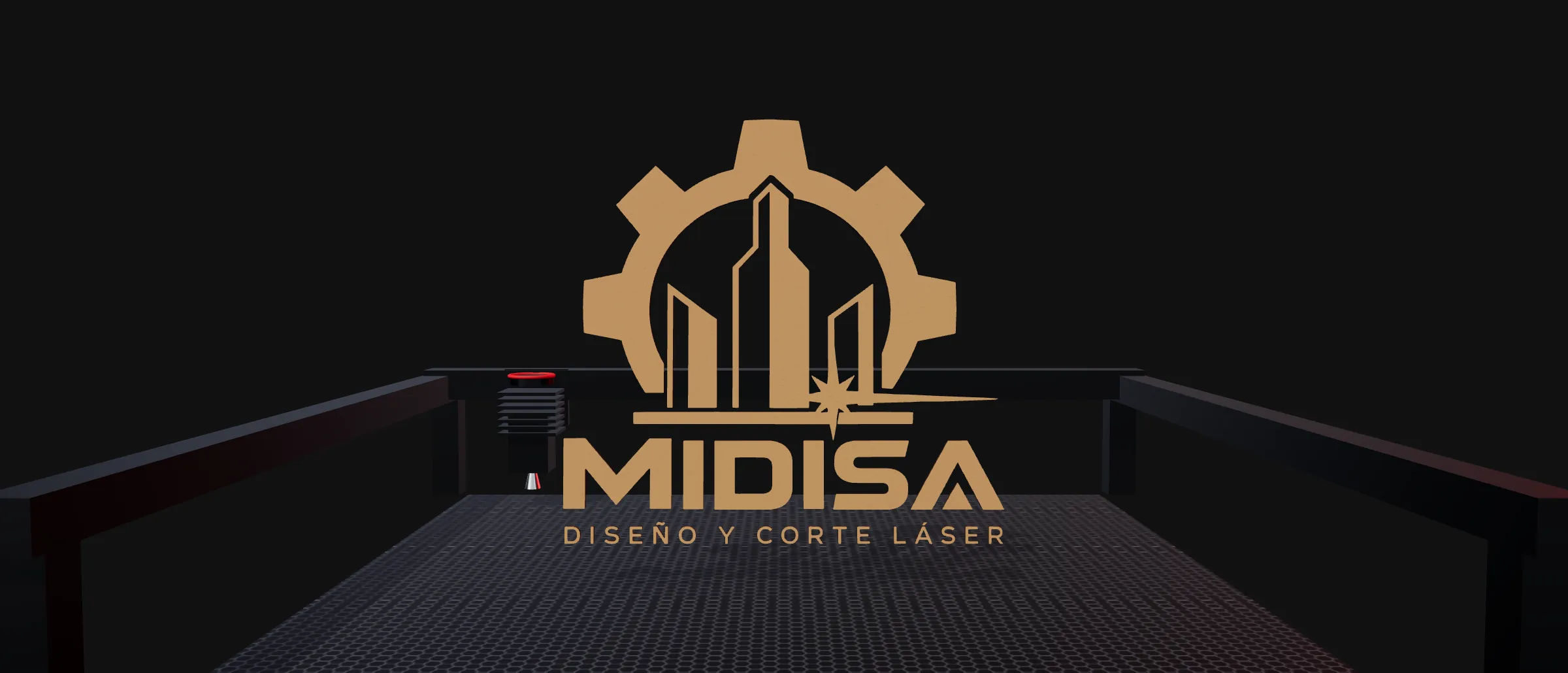 Logotipo de MIDISA cortado con láser en MDF, de pie sobre la cama de la máquina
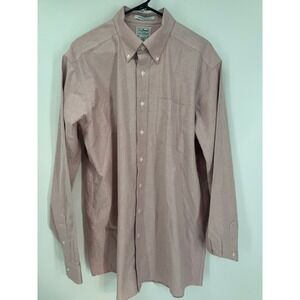 L.L.Bean Men's Oxford Shirt Button Down Long Sleeve Wrinkle Resistant 17 Neck XL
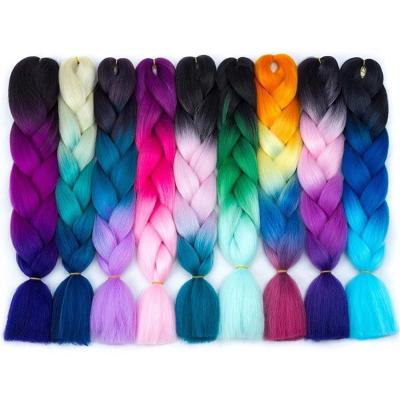 China Hot Selling High Temperature Synthetic Fiber 24 Inch 4 Tone X Pressure Elephant Braid Hair Synthetic Ombre Expression Colorful Braiding Hair Extension for sale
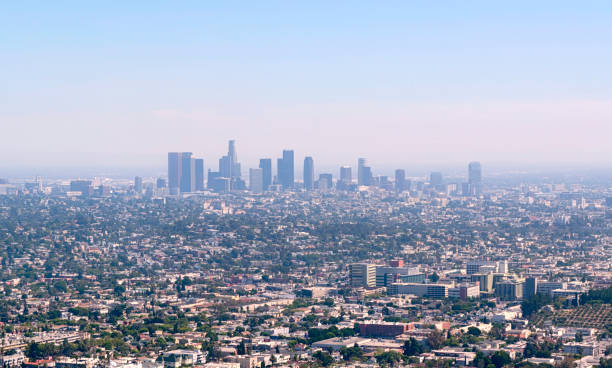 istock Los Angeles skyline with blue sky copyspace 937222158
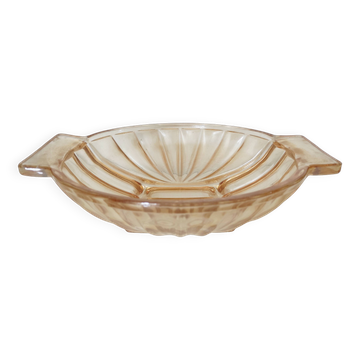 Coupe en verre orangé irisé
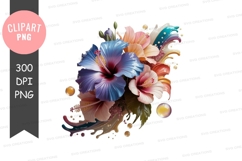 Vibrant tropical flower bouquet clipart png Product Image 1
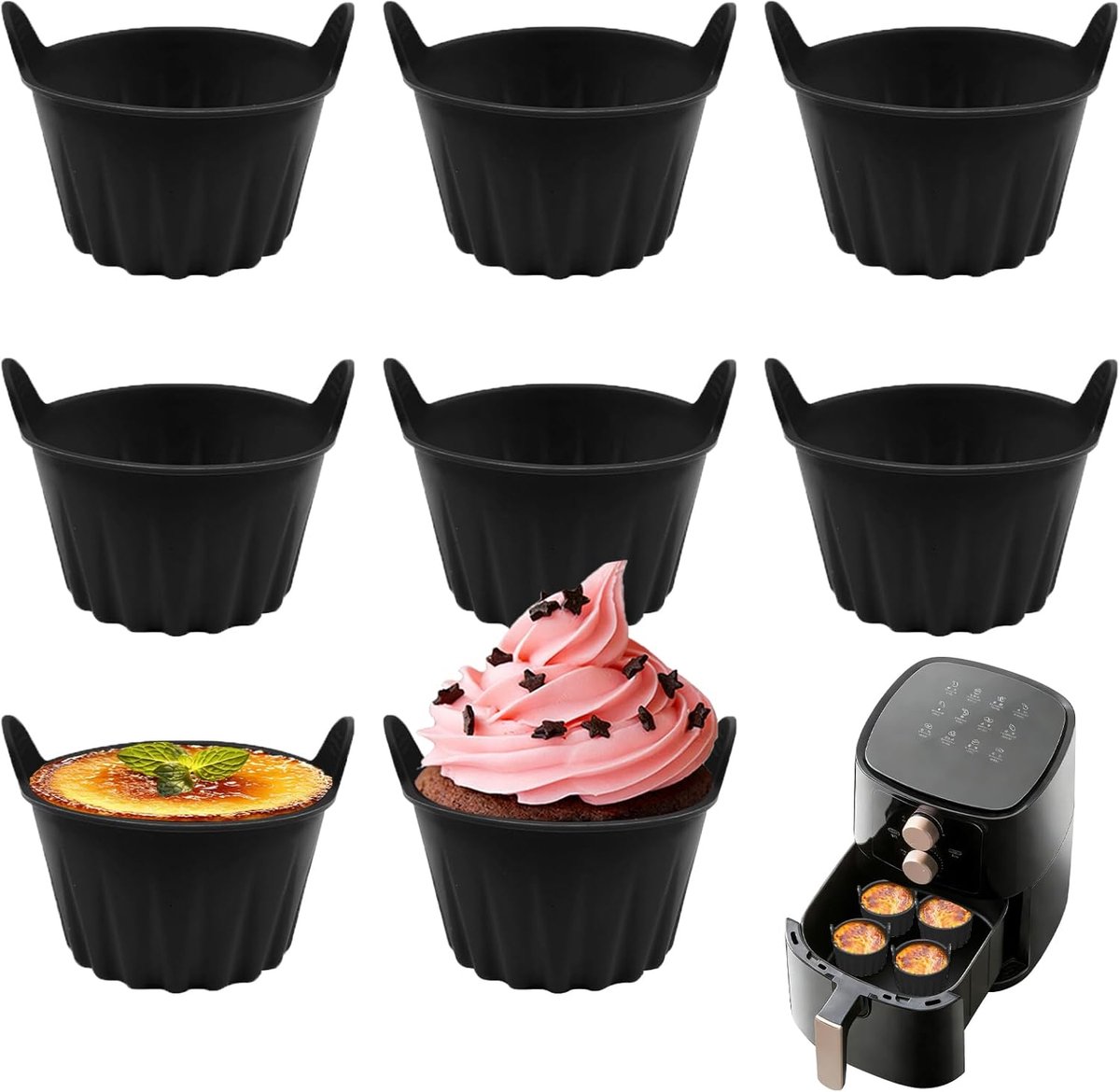 6 stuks - airfryer accessoires - airfryer ei vorm - airfryer eierbakpannetjes rond - airfryer siliconen bakje - airfryer siliconen bakje ei - airfryer siliconen bakjes voor ei - voor alle airfryers - Zwart - 9*9*5.5cm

☆ ☆ ☆ ☆ ☆

Work task: The answer consists solely of the lines from the one holding "istock Los Angeles" through the final line of the records, both ends included, each duplicated exactly. Leave images out.

Finished task:
 istock Los Angeles skyline with blue sky copyspace 937222158
 Coupe en verre orangé irisé
 Vibrant tropical flower bouquet clipart png Product Image 1
 6 stuks - airfryer accessoires - airfryer ei vorm - airfryer eierbakpannetjes rond - airfryer siliconen bakje - airfryer siliconen bakje ei - airfryer siliconen bakjes voor ei - voor alle airfryers - Zwart - 9*9*5.5cm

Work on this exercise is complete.